The marina owns 2 cars that we can use. They are white and pale blue. I have never been in a smaller car before.
The streets have lots of litter. (Gill)
(Gill) We finally said goodbye to Sicily at about 1430 on Tue 28 Aug. It was too bad that we were unable to spend more time there and our plan to see Palermo had been thwarted by having work done on the fuel tanks in Milazzo. The work was needed and it will stand us in good stead for the next 12 months. The Aeolian Islands
were rightly visited and were a real highlight. Milazzo had been an excellent stopover, despite its rolling, surging marina berths on the outer wall where we were located. We liked its non-commercial honesty and the people were fabulous.
We found a number of things that we were looking for and resolved many of the items on our “to-do list” to include a new shower head for the boys’ loo and a dinghy bung. The owner of the shop refused to take our money until we had checked it was the right one allowing us to take it and then return to pay once we were happy. Surprisingly at the diving / fishing shop we were able to exchange snorkelling masks without issue, despite having used them briefly in the Aeolian Islands, as they did not fit us well. When I dropped an essential bolt, spring and washer from the self-steering gear, as wash from a speed boat hit us in the marina at a critical point in the proceedings the marina leant me dive gear, at no charge, to go to the bottom to collect them. The fruit and veg market slipped us extras at every occasion
we went. The mechanics fashioned critical pins, took me in their car to the electricians, and then when asked what I owed them they simply shrugged their shoulders and said “pay what you think it was worth”. In all, our experiences in Sicily were quite remarkable and refreshingly fabulous.
Dad had suggested the best way to learn about engineering is to take advice from others and find myself a “Tony” (as we had found during the ARC in 1991). Tony Kiff was a carpenter who had taken his family to sea to change their lives forever as they headed off for New Zealand. Sage advice from the old man but quite prophetic as when wandering along the quay I stumbled across Tony any Tracy aboard their boat Waterprint. They are en route to Levkas for the winter, having spent some time in Cagliary where they undertook night classes in Italian. Both from Newcastle they christened Lisa “Lorraine Chase” and goodness knows what they thought of Samuel “the Janner” Duncan. Tony is an engineer with half a ton of tools aboard. The aft cabin has been converted to “the garage” and he can do almost anything
– as proved by the help he gave us following the self-steering debacle. Samuel acted as his runner on the quay heading back and forth to collect “Vernier callipers” and drill bits from Tracy, occasionally requiring translation from Geordie to Devonian. Clearly in the same way as all Italian marina-workers are called Salvatore all English engineers must be called “Tony”.
We are now day 2 into our passage from Sicily to Sardinia to meet with Richard and Auntie Sally (Lisa’s sister). We have decided that on passage we have the nicest time.
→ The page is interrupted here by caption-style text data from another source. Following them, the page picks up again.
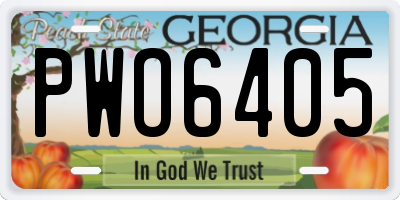 GA license plate PWO6405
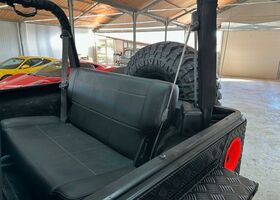 Джип Wrangler 1999 у Європі на Automoto.ua Чорний Джип Wrangler, об'ємом двигуна 3.96 л та пробігом 150 тис. км за 24900 $, фото 8 на Automoto.ua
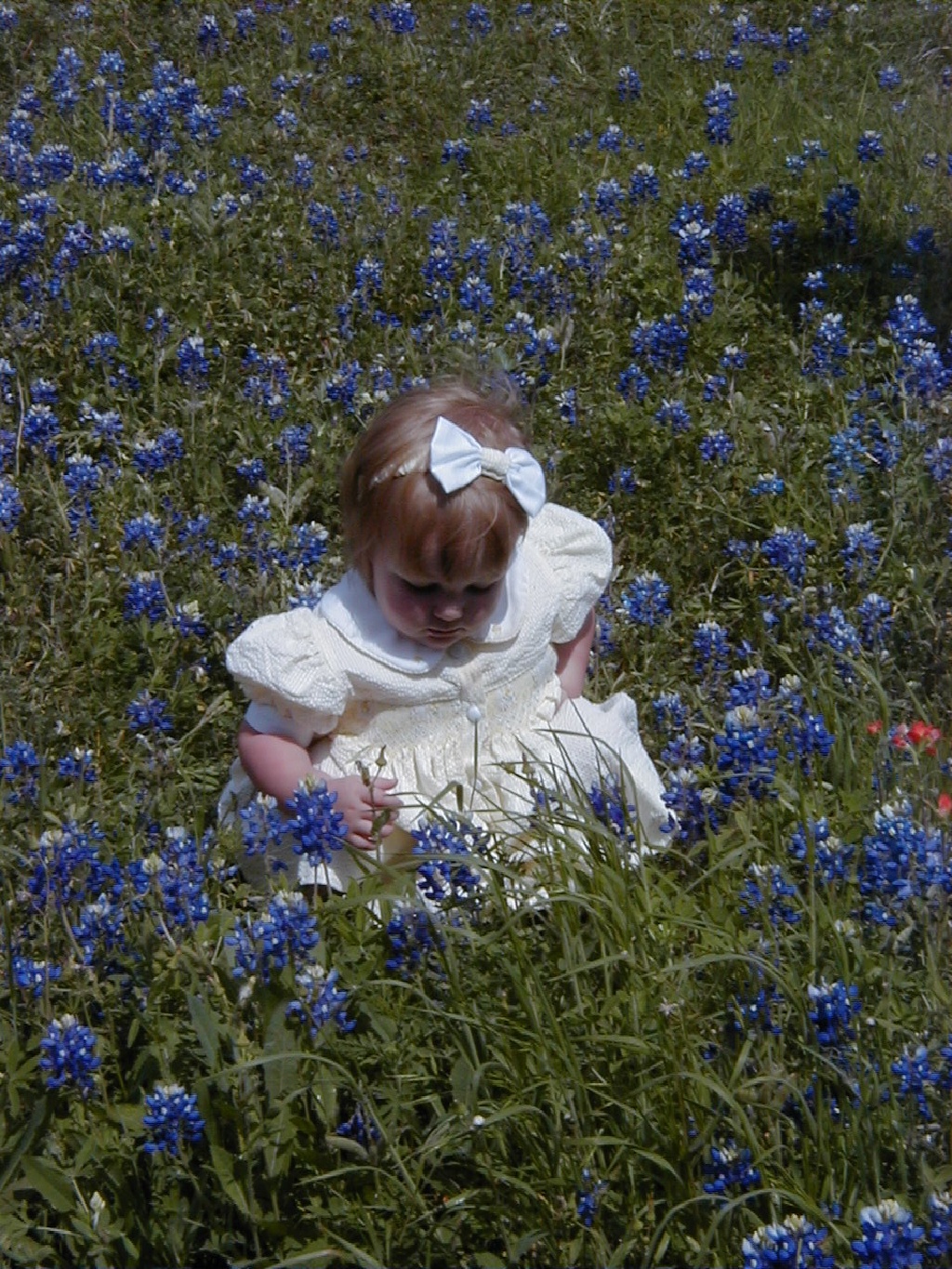 camera/2000/03(March)/03_26_Bluebonnets/1024x768_Bluebonnets-13.JPG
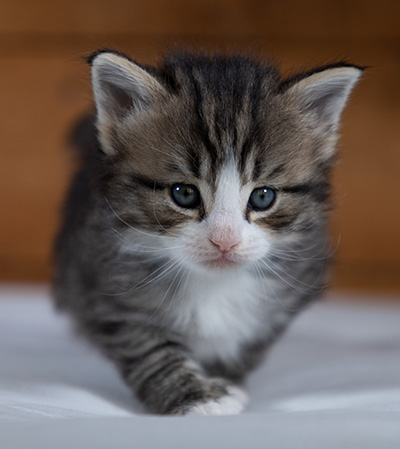 Rackham - 4 weeks old
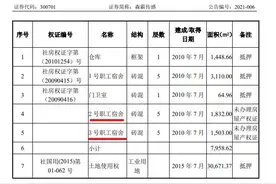 森霸传感拟购买实控人老婆旗下房产 一董事投了反对票图片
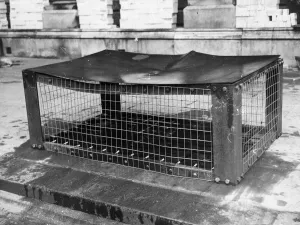 Shelter Prints: Tests carried out by the Research and Experimental department on a Flat-topped shelter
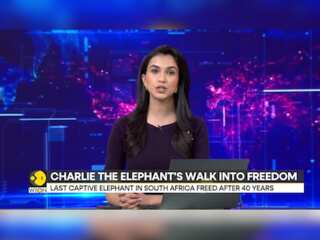 South Africa: Elephant in zoo released into the wild after 40 years of captivity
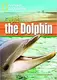 FRL1600 B1 Cupid the Dolphin - 1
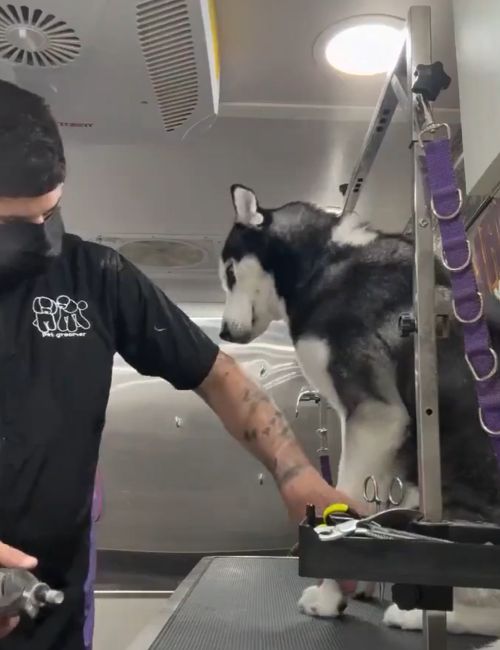 – Извините, нервы...⁠⁠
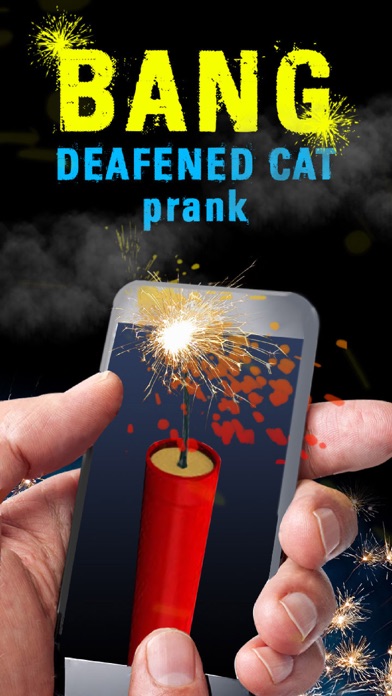 Bang Deafened Cat Prankのおすすめ画像1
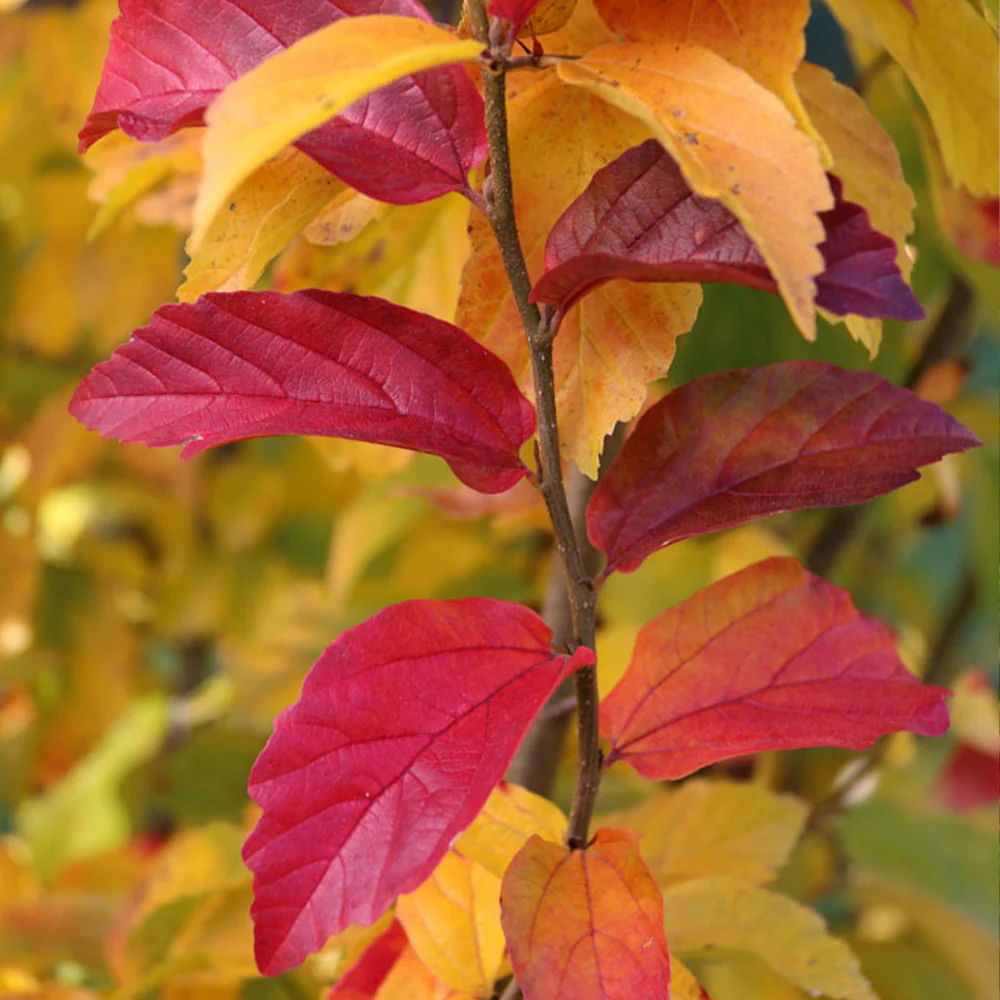 Persian Spire™ Parrotia - Image 4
We actually catch up with our sleep, spend good, quality time with the kids and even get to read a few pages of books. The night watches are chilled out and, with a full-moon, almost daylight. I have cracked a few small jobs but the time passes really quickly and makes us realise the benefits of bluewater cruising with our home beneath us. Finally we are settling into the lifestyle actually looking forward to time at sea.